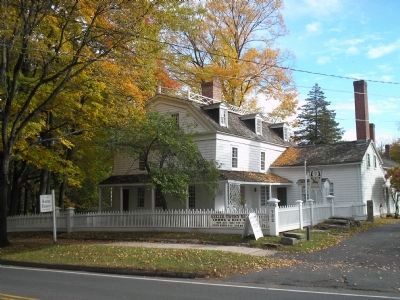 Ensign Samuel Keeler�s Tavern image. Click for full size.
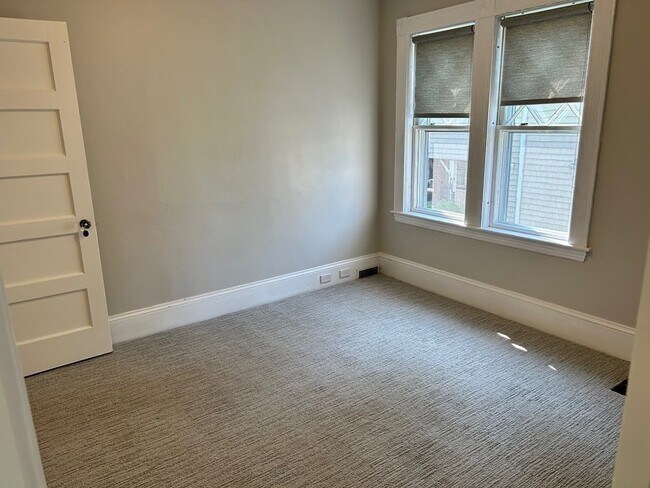 Building Photo - 16 Fletcher St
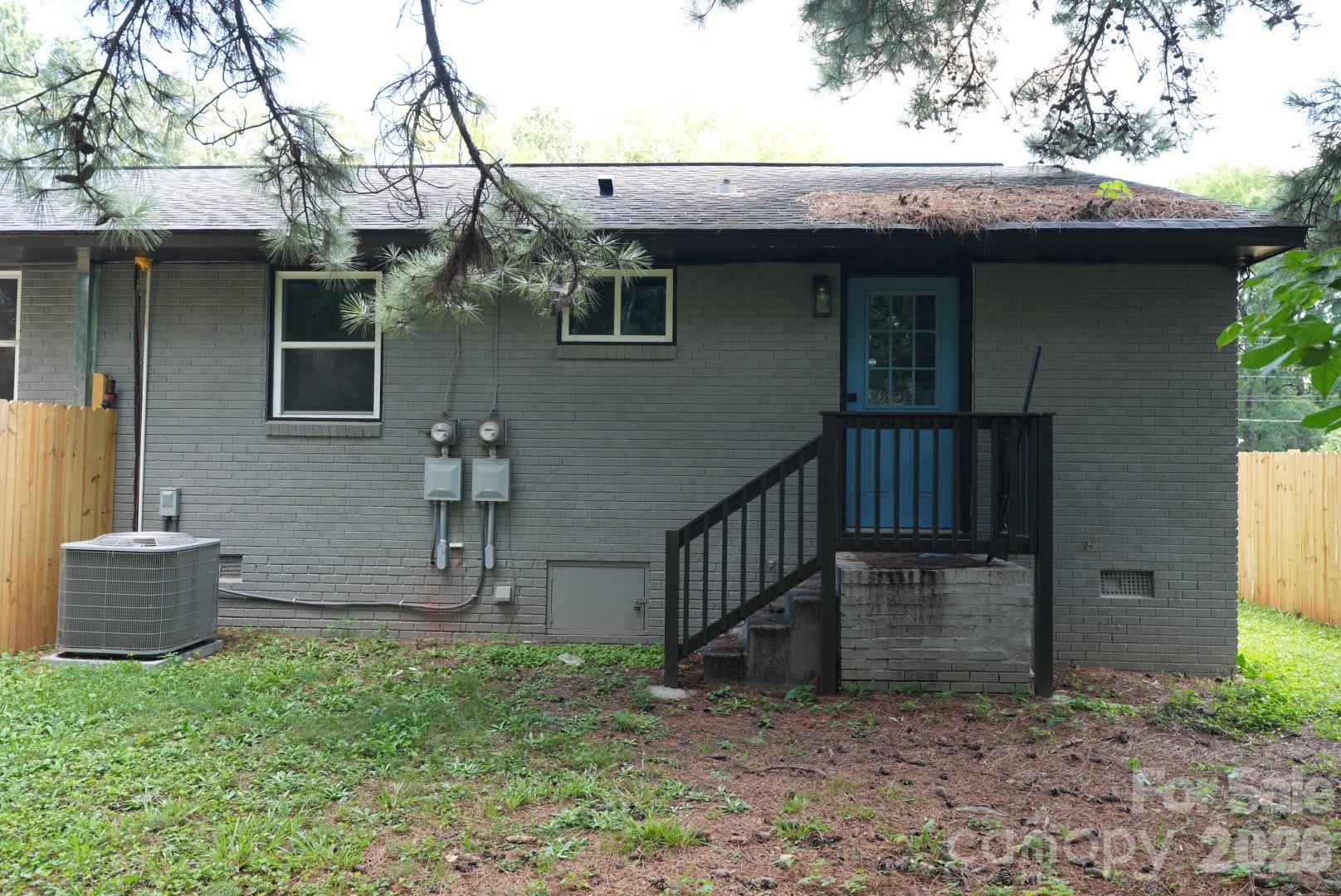 Fourplex at 1316 Anderson Street, Charlotte, photo 5 of 24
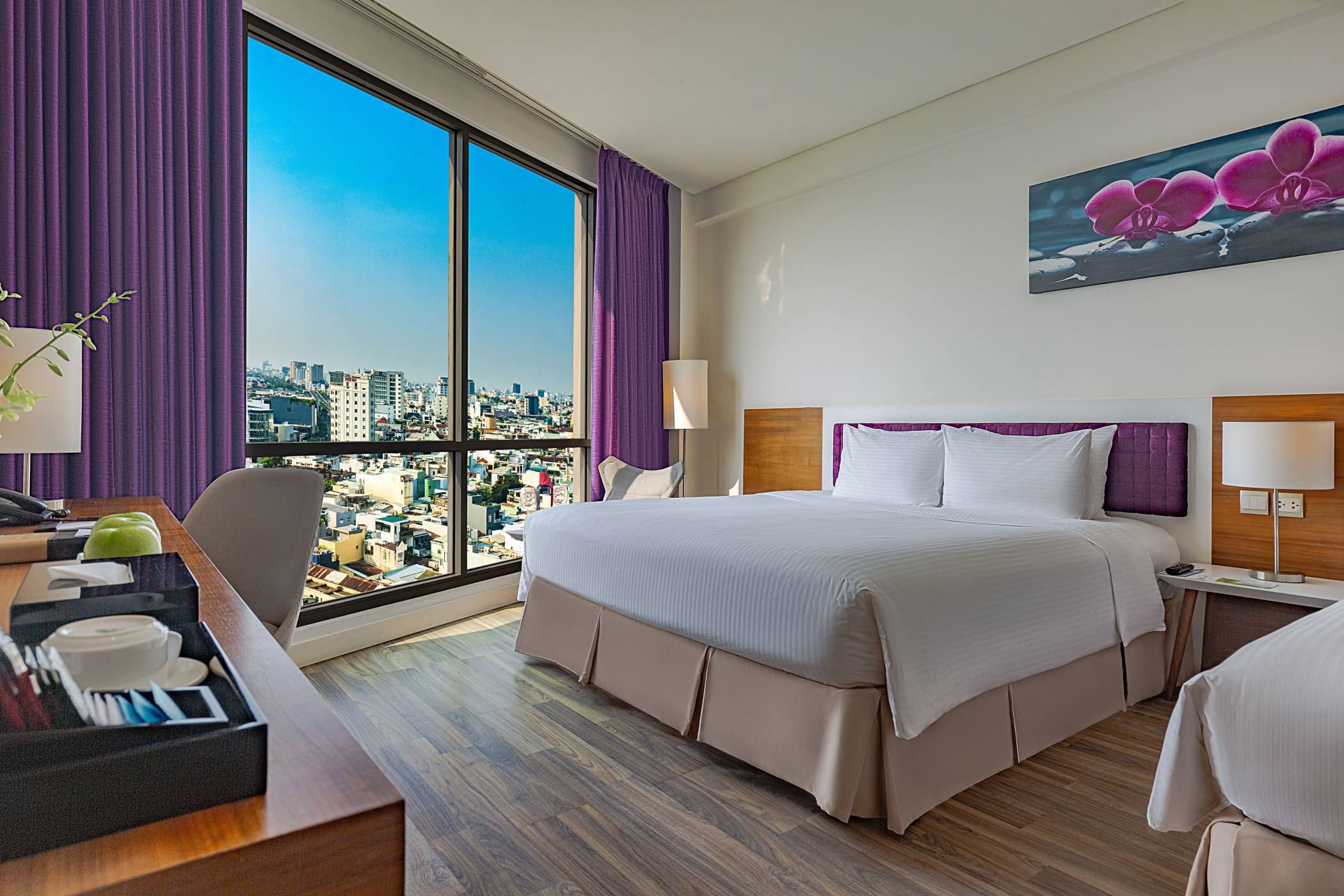 Vanda Hotel in Danang City Center - Book a Luxury hotel 5 mins from Danang  International Airport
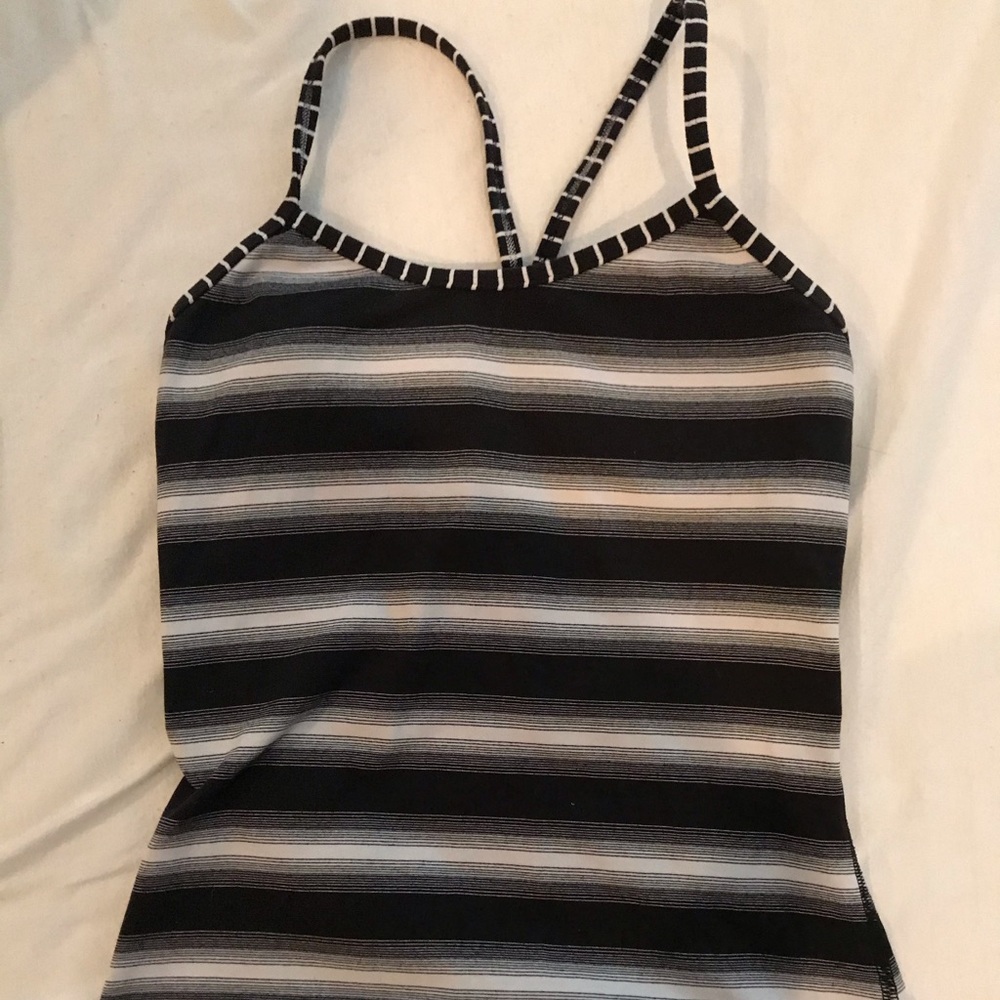 Black and white lululemon workout top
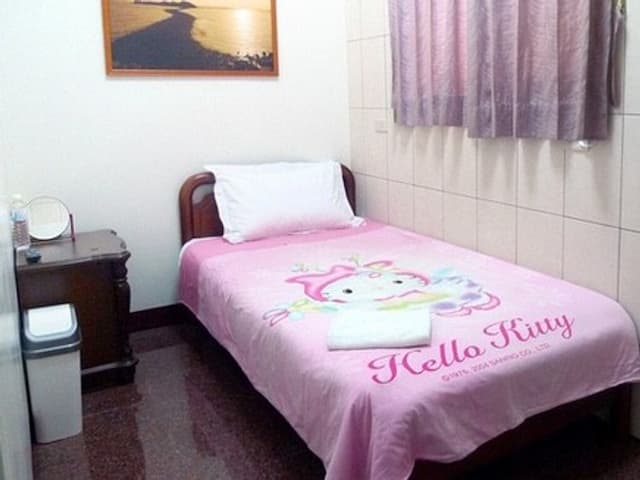 初心輕旅民宿 | 12人可澎湖包棟 | 露台賞日出&夕陽｜機場接送-單人雅房-1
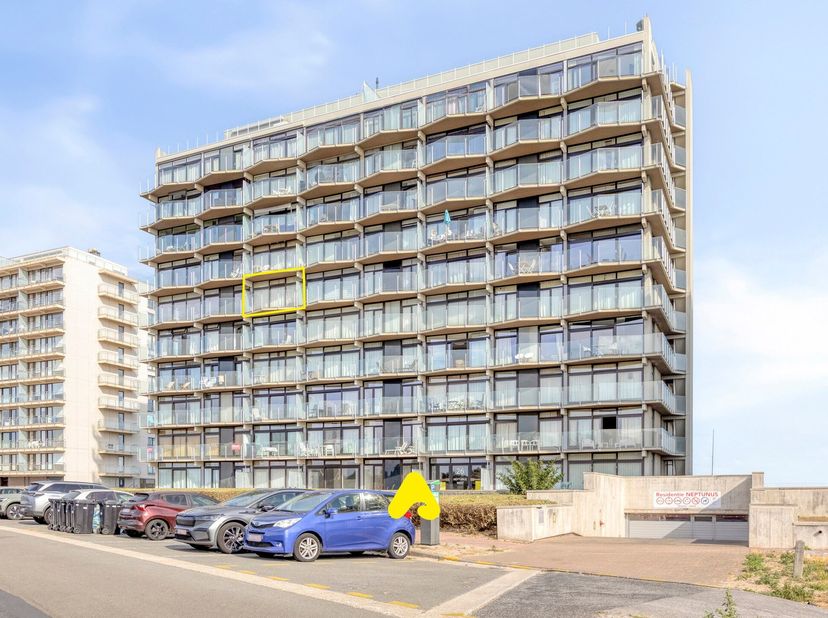 Op te frissen (of te renoveren) studio van 40 m² met zonnig terras en kelder – parkeerplaats afzonderlijk beschikbaar.<br />
<br />
Deze studio biedt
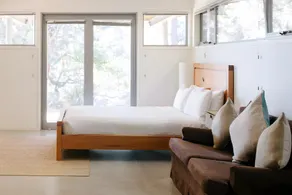 Parsons Cove Beach House - Image 2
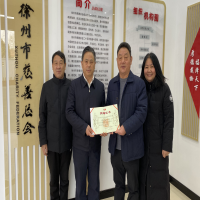 徐州方正會(huì)計(jì)師事務(wù)所向徐州市慈善總會(huì)捐助現(xiàn)金10萬(wàn)元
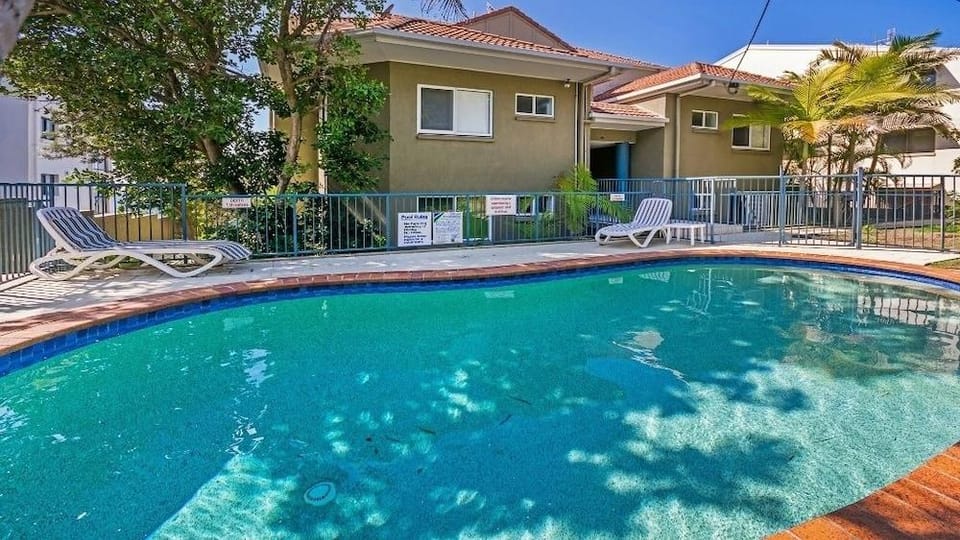 Pacific Waves Hotel in Sunrise Beach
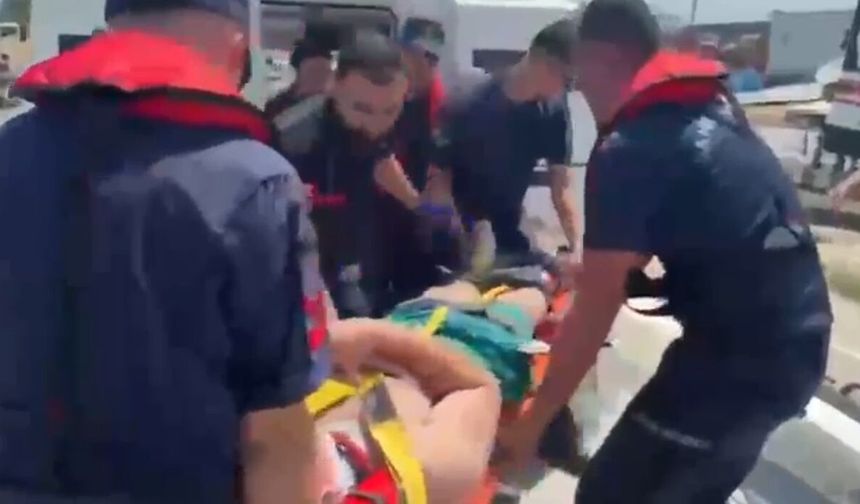 Boğulma tehlikesi geçiren genci Sahil Güvenlik kurtardı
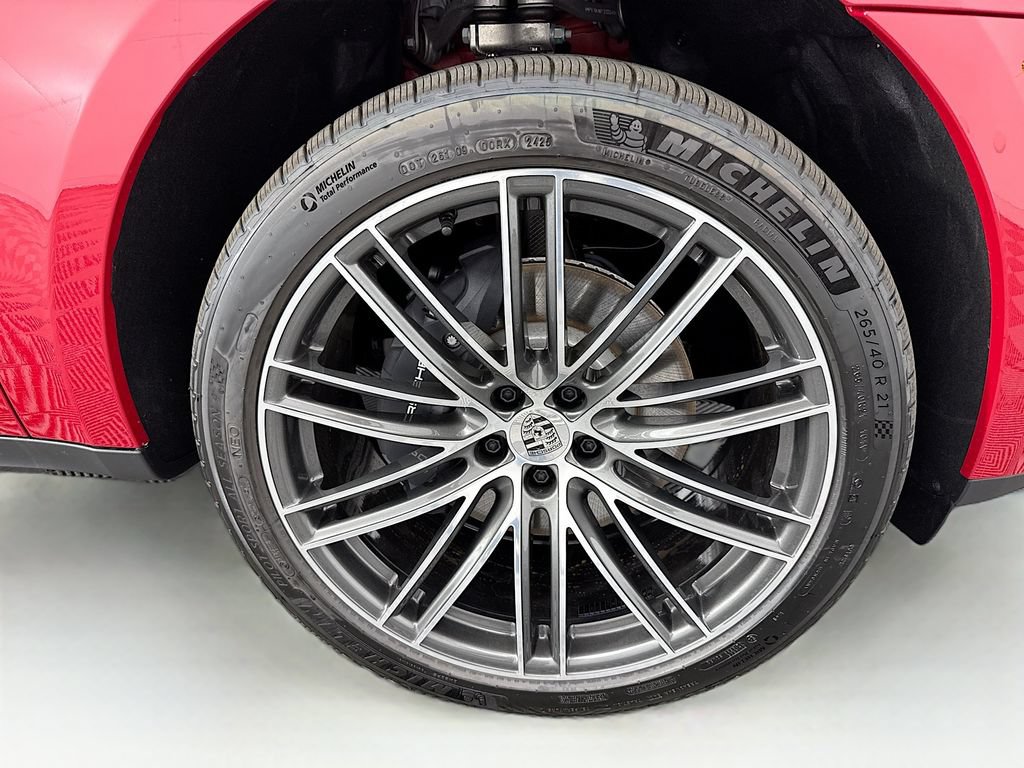 Used 2026 Porsche Macan AWD/4WD image 33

* * * * * * *

Copy the whole listing exactly, excluding the pictures in it.

Solution for this task:
 Ensign Samuel Keeler�s Tavern image. Click for full size.
 Building Photo - 16 Fletcher St
 Fourplex at 1316 Anderson Street, Charlotte, photo 5 of 24
 Vanda Hotel in Danang City Center - Book a Luxury hotel 5 mins from Danang  International Airport
 Black and white lululemon workout top
 初心輕旅民宿 | 12人可澎湖包棟 | 露台賞日出&夕陽｜機場接送-單人雅房-1
 Op te frissen (of te renoveren) studio van 40 m² met zonnig terras en kelder – parkeerplaats afzonderlijk beschikbaar.<br />
<br />
Deze studio biedt
 Parsons Cove Beach House - Image 2
 徐州方正會(huì)計(jì)師事務(wù)所向徐州市慈善總會(huì)捐助現(xiàn)金10萬(wàn)元
 Pacific Waves Hotel in Sunrise Beach
 Boğulma tehlikesi geçiren genci Sahil Güvenlik kurtardı
 Used 2026 Porsche Macan AWD/4WD image 33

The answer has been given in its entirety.